Le juge Jacques ne fait absolument
pas cette démonstration. Il admet, d'ailleurs, que l'ordonnance d'injonction, obtenue par Jean-François Morasse, le 12 avril 2012,
n'a pas été "signifiée", c'est-à-dire remise en mains propres, à
Gabriel Nadeau Dubois, la seule façon d'être absolument sûr de la transmission
d'informations. C'est pour ça que les huissiers existent.
Il admet aussi que l'Association des
étudiants en arts plastiques qui, elle, avait copie de l'ordonnance, ne l'a pas
transmise au porte-parole de la CLASSE, non plus.
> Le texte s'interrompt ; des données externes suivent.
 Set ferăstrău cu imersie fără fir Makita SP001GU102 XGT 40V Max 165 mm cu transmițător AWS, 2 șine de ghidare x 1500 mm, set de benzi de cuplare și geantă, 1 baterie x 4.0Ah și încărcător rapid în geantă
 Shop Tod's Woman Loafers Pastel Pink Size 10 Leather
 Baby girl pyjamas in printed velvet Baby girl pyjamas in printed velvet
Le juge déduit seulement que,
vu les propos tenus à RDI, Gabriel Nadeau-Dubois devait connaître l'ordonnance.
C'est ce qu'on appelle faire les coins ronds.
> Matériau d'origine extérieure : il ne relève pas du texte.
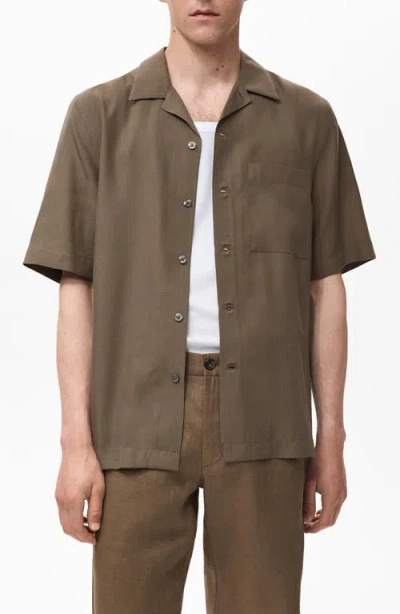 Mango Men's Regular-fit Lyocell Shirt In Brown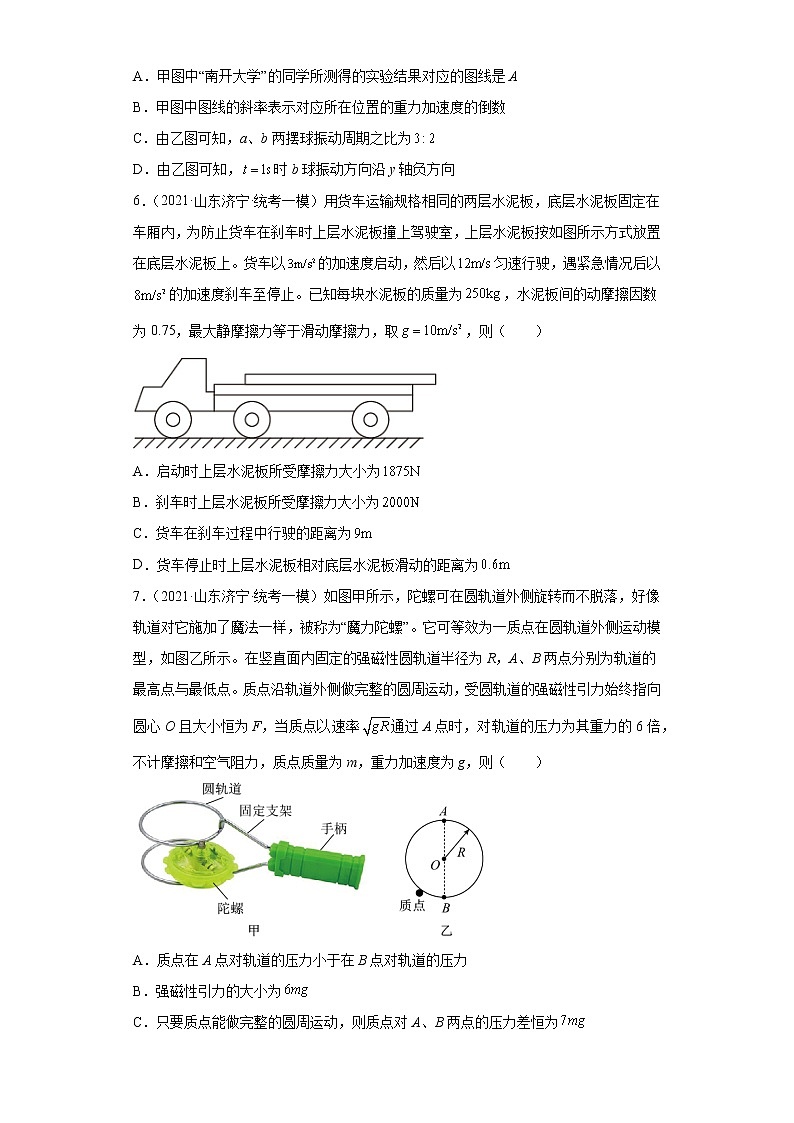 山东省济宁市高考物理三年（2021-2023）模拟题（一模）按题型分类汇编-01选择题第3页
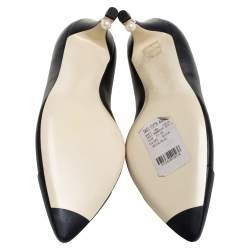 Chanel Black Leather CC Cap Toe Pearl Embellished Heel Pumps Size 38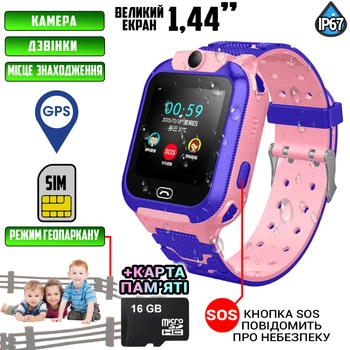 Детские умные смарт часы с GPS Smart Baby Watch TD7 с камерой и SIM картой, прослушка Розовый + Карта памяти 16Гб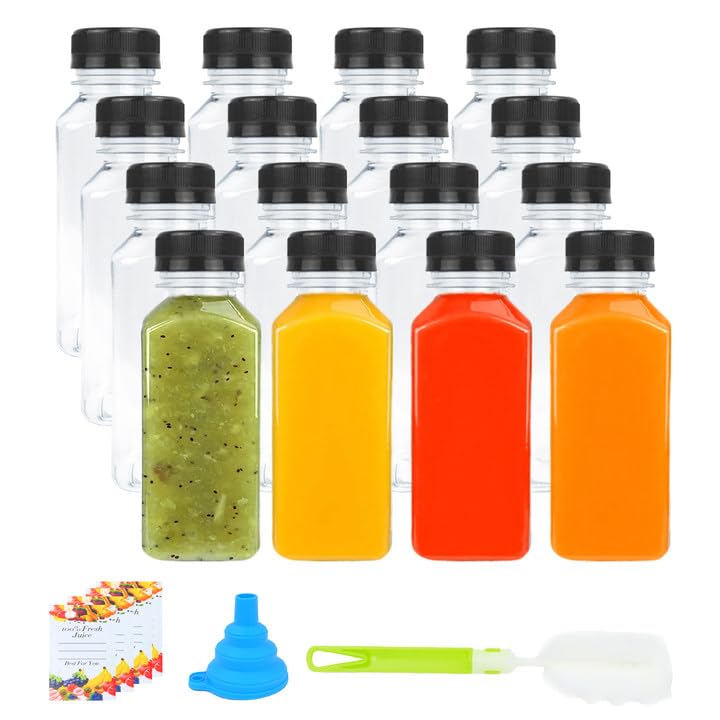FYKERO 16 Pack 8oz/250ml Plastic Juice Bottles- Reusable Mini Shot Bottles With Lids for Storing Smoothie, Juices, Water and Other Beverage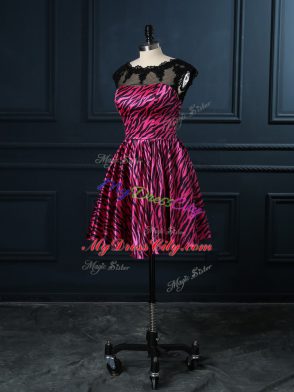 Hot Pink A-line Printed Scoop Cap Sleeves Lace Mini Length Backless Evening Dress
Interrogé à RDI le 13 mai 2012, GND dit
regretter le manque de solidarité de certains étudiants devant la "volonté
démocratique qui s'est exprimée à travers le vote de grève." Il poursuit: "je
crois qu'il est tout à fait légitime pour les étudiants et étudiantes de
prendre les moyens pour faire respecter le choix démocratique qui a été fait
d'aller en grève."
Non seulement ces propos ne reflètent pas
"hors de tout doute" la connaissance de l'ordonnance du 12 avril, il
s'agit d'une opinion personnelle ("je crois") et non, comme le
maintient le juge Jacques, une incitation "à contrevenir" à l'ordonnance.
Comme dit un commentateur du site juridique Faits et Cause: "Est-ce légal
pour un juge de travestir les propos de l'accusé?"
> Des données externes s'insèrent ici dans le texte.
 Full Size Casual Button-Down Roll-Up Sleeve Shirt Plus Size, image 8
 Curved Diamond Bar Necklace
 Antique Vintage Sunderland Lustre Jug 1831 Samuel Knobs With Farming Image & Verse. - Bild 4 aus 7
De plus, le juge justifie son accusation d'incitation à
contrevenir à la loi en contrastant, à trois reprises, les propos tenus par Gabriel Nadeau-Dubois
avec ceux de son confrère Léo Bureau-Blouin, alors leader de la FECQ et également
interviewé à RDI ce jour-là. M.
Bureau-Blouin, on le sait, a toujours été considéré le leader étudiant le plus
modéré. Ce qu'on sait moins, et ce que de toute évidence le juge ici ignore,
c'est que LBB ne voulait pas de cette grève, qu'il y a été forcé par ces
propres membres, près d'un tiers de son membership l'abandonnant par la suite
en faveur de la CLASSE, vu la mollesse de direction à la FECQ.
Ce qui m'amène à la lacune la plus criante de ce jugement : nulle part admet-on le droit de mobilisation ou d'assemblée des étudiants.
Alors qu'un jugement antérieur précise que "le Tribunal ne discute pas le
droit de certains étudiants de soutenir et de participer au boycottage des
cours", le juge Jacques, lui, se contente d'affirmer que "le droit de
grève étudiant ne trouve assise dans aucune loi".
De là à traiter Gabriel
Nadeau-Dubois de méchant anarchiste, il n'y a qu'un pas, franchi
ici allègrement. En disant vouloir "sauvegarder la confiance
du public en l'administration de la justice", le juge Jacques vient, au
contraire, de la miner.
En attendant que la Cour d'appel se
prononce sur ce jugement éhontément biaisé, il y a urgence pour le nouveau
gouvernement, ainsi que pour le Barreau du Québec, d'éclaircir le statut légal
des associations étudiantes.
Au même titre que les syndicats, leurs droits de protestation et de
mobilisation doivent être reconnus.
Ceux et celles qui nous ont redonné le goût de se
tenir debout méritent mieux que de croupir dans un flou juridique.